If we could only teach the rest of the world to communicate accurately!

3 Responses to “Aspergers and accurate words”

  1. Hugh7 Says:

    Reminds me of the time a few years ago I brought a meeting to a halt because the speaker kept talking about “critical mass” with reference to staffing levels. I only understood the expression with reference to nuclear physics (when a radioactive substance reaches critical mass a chain reaction causes an explosion). The expression was so entrenched with him that he had trouble defining it so I could understand him. Turns out he meant “enough staff” (to do all the work, presumably).

    Xanthippa says:

    Well, I suppose….

    ….if you had an average ‘mass per person’ to work with, and an average person-hours to be performed within a specified time-frame, you could calculate the ‘critical mass’ of employees that would be required to perform the work.

    Nothing as accurate as the critical mass in the proper sense of the word, but…

  2. 1389 (@1389) Says:

    Seems as though teaching the concept of “inductive reasoning” might help here, in the sense of trying to take a larger or more “functional” view of what the other person is saying.

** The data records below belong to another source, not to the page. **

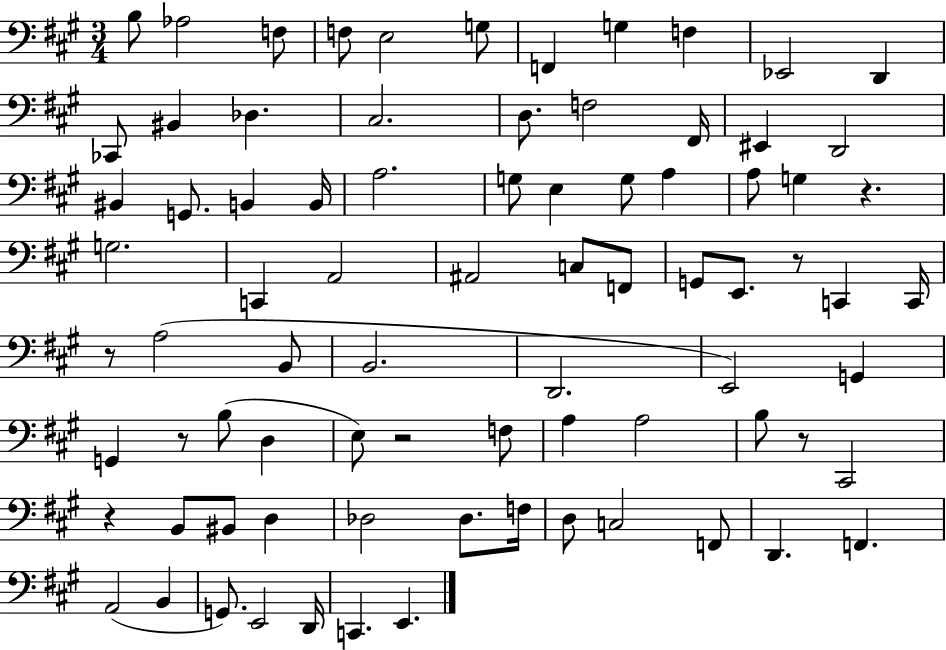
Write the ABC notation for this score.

X:1
T:Untitled
M:3/4
L:1/4
K:A
B,/2 _A,2 F,/2 F,/2 E,2 G,/2 F,, G, F, _E,,2 D,, _C,,/2 ^B,, _D, ^C,2 D,/2 F,2 ^F,,/4 ^E,, D,,2 ^B,, G,,/2 B,, B,,/4 A,2 G,/2 E, G,/2 A, A,/2 G, z G,2 C,, A,,2 ^A,,2 C,/2 F,,/2 G,,/2 E,,/2 z/2 C,, C,,/4 z/2 A,2 B,,/2 B,,2 D,,2 E,,2 G,, G,, z/2 B,/2 D, E,/2 z2 F,/2 A, A,2 B,/2 z/2 ^C,,2 z B,,/2 ^B,,/2 D, _D,2 _D,/2 F,/4 D,/2 C,2 F,,/2 D,, F,, A,,2 B,, G,,/2 E,,2 D,,/4 C,, E,, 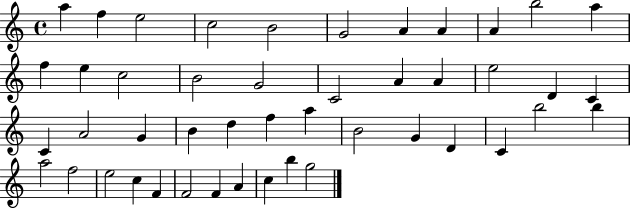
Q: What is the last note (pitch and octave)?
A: G5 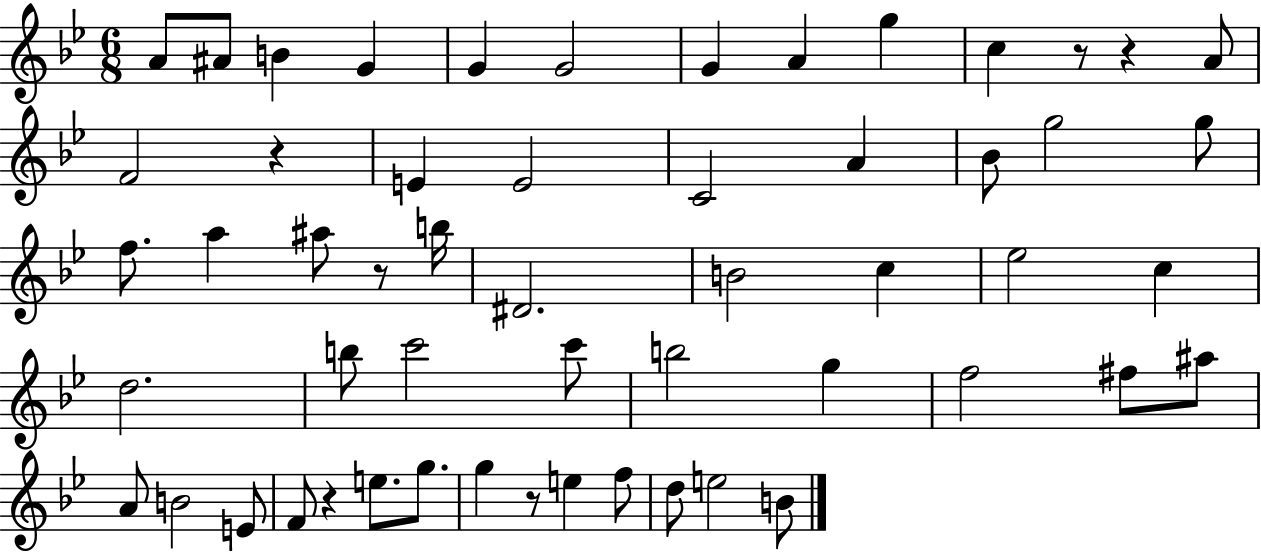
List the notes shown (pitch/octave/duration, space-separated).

A4/e A#4/e B4/q G4/q G4/q G4/h G4/q A4/q G5/q C5/q R/e R/q A4/e F4/h R/q E4/q E4/h C4/h A4/q Bb4/e G5/h G5/e F5/e. A5/q A#5/e R/e B5/s D#4/h. B4/h C5/q Eb5/h C5/q D5/h. B5/e C6/h C6/e B5/h G5/q F5/h F#5/e A#5/e A4/e B4/h E4/e F4/e R/q E5/e. G5/e. G5/q R/e E5/q F5/e D5/e E5/h B4/e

    For instance, if the teacher wants everyone to have a hat, you then try to figure out why the teacher thinks you will need to have a hat. Oh, yeah, winter is coming, freezing temperatures, teacher doesn’t want your head to get too cold. How are you going to keep your head warm? You’ll put on that scarf/hat combo. That will keep your head warm. As far as the teacher is concerned, any warm head covering qualifies as a “hat.”

    Of course, this is just a guess on my part. I have been acquainted with many people on the autism spectrum at various times in my life. My own neurological issues are entirely different – matter of fact, I’m a brain surgery survivor and I work in retail sales, not something most aspies would want to tackle!

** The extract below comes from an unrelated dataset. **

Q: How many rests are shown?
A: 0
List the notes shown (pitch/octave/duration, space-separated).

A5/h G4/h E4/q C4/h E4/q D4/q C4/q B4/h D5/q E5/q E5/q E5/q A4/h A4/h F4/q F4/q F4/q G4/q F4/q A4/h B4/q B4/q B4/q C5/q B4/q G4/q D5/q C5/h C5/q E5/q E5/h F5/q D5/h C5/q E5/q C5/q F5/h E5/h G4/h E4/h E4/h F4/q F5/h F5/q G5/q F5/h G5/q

    The Aspie would reason that if the teacher had meant ‘warm head covering’, then the teacher would have said ‘warm head covering’. By using the more exclusive term, the teacher was obviously referring speciffically to a sub-class of ‘warm head coverings’ called ‘hats’!

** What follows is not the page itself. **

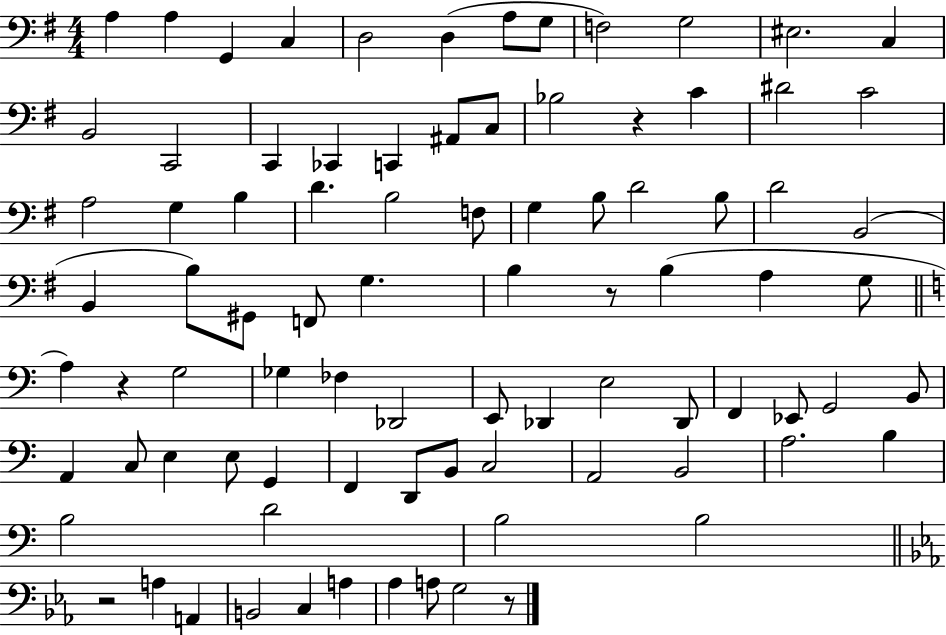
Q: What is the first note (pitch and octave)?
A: A3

    This is especially true of Asie children.

    The fact that it was a teacher who said is a complication: following the chain of reasoning you have outlined would undermine the credibiliy of that teacher in an Aspie student’s mind. After all, teachers are supposed to be smart enough to say what they actually mean! In the future, the Aspie student would never really trust anything else that teacher said (in or out of the classroom) because he/she would always be questioning if the teacher means what she/he is saying or if it is yet another instance of oversimplification to the point of error.

    I myself remember that if I ever caught a teacher (or a textbook) in an error, I was unable to trust anything else they said – ever.

    I am sorry to read you have had difficulties – I do hope you are doing well despite them.

    As for retail: I loved working retail! So did my Aspie hubby. Though, that is a long time ago…

  3. Angela Cason Says:

    My son could not answer an essay prompt that asked him to describe a “unique family holiday.” “We have the same holidays as everyone else!” he objected. Explaining to him that some people are just not as careful with language got us nowhere. Thanks for the post and for the others. Helps to know this is not uncommon.